- _Your instructions_: In full and without alteration, print the entries.

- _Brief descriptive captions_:
++++++++++

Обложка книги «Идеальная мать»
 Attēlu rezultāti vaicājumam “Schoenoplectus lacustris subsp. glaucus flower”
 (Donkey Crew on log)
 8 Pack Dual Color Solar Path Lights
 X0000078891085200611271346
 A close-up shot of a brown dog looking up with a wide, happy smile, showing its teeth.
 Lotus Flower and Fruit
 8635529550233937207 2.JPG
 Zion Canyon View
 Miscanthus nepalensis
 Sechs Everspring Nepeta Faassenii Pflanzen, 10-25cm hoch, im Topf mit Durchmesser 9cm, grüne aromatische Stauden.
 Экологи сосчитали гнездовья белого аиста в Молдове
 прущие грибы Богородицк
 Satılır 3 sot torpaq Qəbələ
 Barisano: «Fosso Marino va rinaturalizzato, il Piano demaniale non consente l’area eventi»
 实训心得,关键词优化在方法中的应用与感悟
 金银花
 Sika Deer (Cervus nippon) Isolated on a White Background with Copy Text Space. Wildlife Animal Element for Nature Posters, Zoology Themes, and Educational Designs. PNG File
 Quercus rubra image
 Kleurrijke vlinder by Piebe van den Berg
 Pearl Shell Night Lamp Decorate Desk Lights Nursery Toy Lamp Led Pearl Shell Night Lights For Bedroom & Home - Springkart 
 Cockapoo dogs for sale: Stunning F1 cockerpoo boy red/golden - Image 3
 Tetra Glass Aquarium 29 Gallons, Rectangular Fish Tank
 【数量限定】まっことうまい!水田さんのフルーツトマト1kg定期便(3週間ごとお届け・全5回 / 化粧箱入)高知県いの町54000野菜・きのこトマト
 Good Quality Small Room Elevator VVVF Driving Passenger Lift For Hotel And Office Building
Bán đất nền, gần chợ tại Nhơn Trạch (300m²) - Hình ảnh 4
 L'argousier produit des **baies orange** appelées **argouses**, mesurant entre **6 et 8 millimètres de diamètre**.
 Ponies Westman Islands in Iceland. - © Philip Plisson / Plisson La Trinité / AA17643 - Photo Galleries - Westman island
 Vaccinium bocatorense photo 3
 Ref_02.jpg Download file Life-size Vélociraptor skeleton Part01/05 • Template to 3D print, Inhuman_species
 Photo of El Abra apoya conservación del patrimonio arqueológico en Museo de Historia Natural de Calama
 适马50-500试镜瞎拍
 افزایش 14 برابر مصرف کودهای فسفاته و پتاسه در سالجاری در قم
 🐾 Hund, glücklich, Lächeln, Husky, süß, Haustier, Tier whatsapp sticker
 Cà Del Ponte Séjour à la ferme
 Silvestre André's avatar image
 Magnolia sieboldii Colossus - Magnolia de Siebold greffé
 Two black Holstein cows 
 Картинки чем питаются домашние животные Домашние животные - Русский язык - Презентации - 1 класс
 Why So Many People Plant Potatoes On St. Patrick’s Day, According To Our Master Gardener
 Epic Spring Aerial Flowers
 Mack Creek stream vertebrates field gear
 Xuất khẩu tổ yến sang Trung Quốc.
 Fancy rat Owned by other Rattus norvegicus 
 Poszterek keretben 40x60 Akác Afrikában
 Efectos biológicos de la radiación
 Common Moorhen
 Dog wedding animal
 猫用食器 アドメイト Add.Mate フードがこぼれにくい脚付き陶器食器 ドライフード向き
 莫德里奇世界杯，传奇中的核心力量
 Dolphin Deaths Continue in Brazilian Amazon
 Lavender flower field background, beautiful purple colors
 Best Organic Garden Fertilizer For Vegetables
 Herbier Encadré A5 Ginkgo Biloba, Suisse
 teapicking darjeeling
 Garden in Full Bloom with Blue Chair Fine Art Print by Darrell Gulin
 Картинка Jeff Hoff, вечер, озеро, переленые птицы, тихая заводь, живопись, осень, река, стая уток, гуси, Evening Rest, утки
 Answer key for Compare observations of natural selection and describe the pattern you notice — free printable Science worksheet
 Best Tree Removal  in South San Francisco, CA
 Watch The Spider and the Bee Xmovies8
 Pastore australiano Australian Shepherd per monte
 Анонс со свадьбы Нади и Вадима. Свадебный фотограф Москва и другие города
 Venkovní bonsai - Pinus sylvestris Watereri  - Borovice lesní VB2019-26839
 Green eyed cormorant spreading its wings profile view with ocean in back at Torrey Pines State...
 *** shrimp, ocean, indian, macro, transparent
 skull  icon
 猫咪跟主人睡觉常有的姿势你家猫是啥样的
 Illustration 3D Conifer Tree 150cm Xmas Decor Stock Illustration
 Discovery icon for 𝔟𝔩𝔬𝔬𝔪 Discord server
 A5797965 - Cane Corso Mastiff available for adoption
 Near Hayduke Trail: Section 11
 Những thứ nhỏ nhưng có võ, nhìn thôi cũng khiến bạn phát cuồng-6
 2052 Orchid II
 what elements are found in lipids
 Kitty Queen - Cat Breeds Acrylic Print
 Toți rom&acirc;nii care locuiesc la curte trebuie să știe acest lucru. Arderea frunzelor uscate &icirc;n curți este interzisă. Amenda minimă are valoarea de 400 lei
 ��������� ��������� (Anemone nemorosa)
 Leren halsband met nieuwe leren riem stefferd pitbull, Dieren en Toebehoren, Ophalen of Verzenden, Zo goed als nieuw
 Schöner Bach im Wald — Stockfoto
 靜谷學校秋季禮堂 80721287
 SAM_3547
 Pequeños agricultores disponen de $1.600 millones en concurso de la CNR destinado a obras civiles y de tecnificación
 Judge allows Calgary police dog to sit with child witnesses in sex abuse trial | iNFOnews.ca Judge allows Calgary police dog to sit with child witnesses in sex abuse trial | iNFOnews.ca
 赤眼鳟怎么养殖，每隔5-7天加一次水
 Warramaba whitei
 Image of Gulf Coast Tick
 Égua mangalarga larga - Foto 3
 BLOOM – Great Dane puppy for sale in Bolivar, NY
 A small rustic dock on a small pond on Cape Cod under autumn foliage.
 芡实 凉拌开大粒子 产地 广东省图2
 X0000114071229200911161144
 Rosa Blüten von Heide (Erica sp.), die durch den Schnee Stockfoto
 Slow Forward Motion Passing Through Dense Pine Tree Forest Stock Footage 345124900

++++++++++

- _Written response_:
Обложка книги «Идеальная мать»
 Attēlu rezultāti vaicājumam “Schoenoplectus lacustris subsp. glaucus flower”
 (Donkey Crew on log)
 8 Pack Dual Color Solar Path Lights
 X0000078891085200611271346
 A close-up shot of a brown dog looking up with a wide, happy smile, showing its teeth.
 Lotus Flower and Fruit
 8635529550233937207 2.JPG
 Zion Canyon View
 Miscanthus nepalensis
 Sechs Everspring Nepeta Faassenii Pflanzen, 10-25cm hoch, im Topf mit Durchmesser 9cm, grüne aromatische Stauden.
 Экологи сосчитали гнездовья белого аиста в Молдове
 прущие грибы Богородицк
 Satılır 3 sot torpaq Qəbələ
 Barisano: «Fosso Marino va rinaturalizzato, il Piano demaniale non consente l’area eventi»
 实训心得,关键词优化在方法中的应用与感悟
 金银花
 Sika Deer (Cervus nippon) Isolated on a White Background with Copy Text Space. Wildlife Animal Element for Nature Posters, Zoology Themes, and Educational Designs. PNG File
 Quercus rubra image
 Kleurrijke vlinder by Piebe van den Berg
 Pearl Shell Night Lamp Decorate Desk Lights Nursery Toy Lamp Led Pearl Shell Night Lights For Bedroom & Home - Springkart 
 Cockapoo dogs for sale: Stunning F1 cockerpoo boy red/golden - Image 3
 Tetra Glass Aquarium 29 Gallons, Rectangular Fish Tank
 【数量限定】まっことうまい!水田さんのフルーツトマト1kg定期便(3週間ごとお届け・全5回 / 化粧箱入)高知県いの町54000野菜・きのこトマト
 Good Quality Small Room Elevator VVVF Driving Passenger Lift For Hotel And Office Building
Bán đất nền, gần chợ tại Nhơn Trạch (300m²) - Hình ảnh 4
 L'argousier produit des **baies orange** appelées **argouses**, mesurant entre **6 et 8 millimètres de diamètre**.
 Ponies Westman Islands in Iceland. - © Philip Plisson / Plisson La Trinité / AA17643 - Photo Galleries - Westman island
 Vaccinium bocatorense photo 3
 Ref_02.jpg Download file Life-size Vélociraptor skeleton Part01/05 • Template to 3D print, Inhuman_species
 Photo of El Abra apoya conservación del patrimonio arqueológico en Museo de Historia Natural de Calama
 适马50-500试镜瞎拍
 افزایش 14 برابر مصرف کودهای فسفاته و پتاسه در سالجاری در قم
 🐾 Hund, glücklich, Lächeln, Husky, süß, Haustier, Tier whatsapp sticker
 Cà Del Ponte Séjour à la ferme
 Silvestre André's avatar image
 Magnolia sieboldii Colossus - Magnolia de Siebold greffé
 Two black Holstein cows 
 Картинки чем питаются домашние животные Домашние животные - Русский язык - Презентации - 1 класс
 Why So Many People Plant Potatoes On St. Patrick’s Day, According To Our Master Gardener
 Epic Spring Aerial Flowers
 Mack Creek stream vertebrates field gear
 Xuất khẩu tổ yến sang Trung Quốc.
 Fancy rat Owned by other Rattus norvegicus 
 Poszterek keretben 40x60 Akác Afrikában
 Efectos biológicos de la radiación
 Common Moorhen
 Dog wedding animal
 猫用食器 アドメイト Add.Mate フードがこぼれにくい脚付き陶器食器 ドライフード向き
 莫德里奇世界杯，传奇中的核心力量
 Dolphin Deaths Continue in Brazilian Amazon
 Lavender flower field background, beautiful purple colors
 Best Organic Garden Fertilizer For Vegetables
 Herbier Encadré A5 Ginkgo Biloba, Suisse
 teapicking darjeeling
 Garden in Full Bloom with Blue Chair Fine Art Print by Darrell Gulin
 Картинка Jeff Hoff, вечер, озеро, переленые птицы, тихая заводь, живопись, осень, река, стая уток, гуси, Evening Rest, утки
 Answer key for Compare observations of natural selection and describe the pattern you notice — free printable Science worksheet
 Best Tree Removal  in South San Francisco, CA
 Watch The Spider and the Bee Xmovies8
 Pastore australiano Australian Shepherd per monte
 Анонс со свадьбы Нади и Вадима. Свадебный фотограф Москва и другие города
 Venkovní bonsai - Pinus sylvestris Watereri  - Borovice lesní VB2019-26839
 Green eyed cormorant spreading its wings profile view with ocean in back at Torrey Pines State...
 *** shrimp, ocean, indian, macro, transparent
 skull  icon
 猫咪跟主人睡觉常有的姿势你家猫是啥样的
 Illustration 3D Conifer Tree 150cm Xmas Decor Stock Illustration
 Discovery icon for 𝔟𝔩𝔬𝔬𝔪 Discord server
 A5797965 - Cane Corso Mastiff available for adoption
 Near Hayduke Trail: Section 11
 Những thứ nhỏ nhưng có võ, nhìn thôi cũng khiến bạn phát cuồng-6
 2052 Orchid II
 what elements are found in lipids
 Kitty Queen - Cat Breeds Acrylic Print
 Toți rom&acirc;nii care locuiesc la curte trebuie să știe acest lucru. Arderea frunzelor uscate &icirc;n curți este interzisă. Amenda minimă are valoarea de 400 lei
 ��������� ��������� (Anemone nemorosa)
 Leren halsband met nieuwe leren riem stefferd pitbull, Dieren en Toebehoren, Ophalen of Verzenden, Zo goed als nieuw
 Schöner Bach im Wald — Stockfoto
 靜谷學校秋季禮堂 80721287
 SAM_3547
 Pequeños agricultores disponen de $1.600 millones en concurso de la CNR destinado a obras civiles y de tecnificación
 Judge allows Calgary police dog to sit with child witnesses in sex abuse trial | iNFOnews.ca Judge allows Calgary police dog to sit with child witnesses in sex abuse trial | iNFOnews.ca
 赤眼鳟怎么养殖，每隔5-7天加一次水
 Warramaba whitei
 Image of Gulf Coast Tick
 Égua mangalarga larga - Foto 3
 BLOOM – Great Dane puppy for sale in Bolivar, NY
 A small rustic dock on a small pond on Cape Cod under autumn foliage.
 芡实 凉拌开大粒子 产地 广东省图2
 X0000114071229200911161144
 Rosa Blüten von Heide (Erica sp.), die durch den Schnee Stockfoto
 Slow Forward Motion Passing Through Dense Pine Tree Forest Stock Footage 345124900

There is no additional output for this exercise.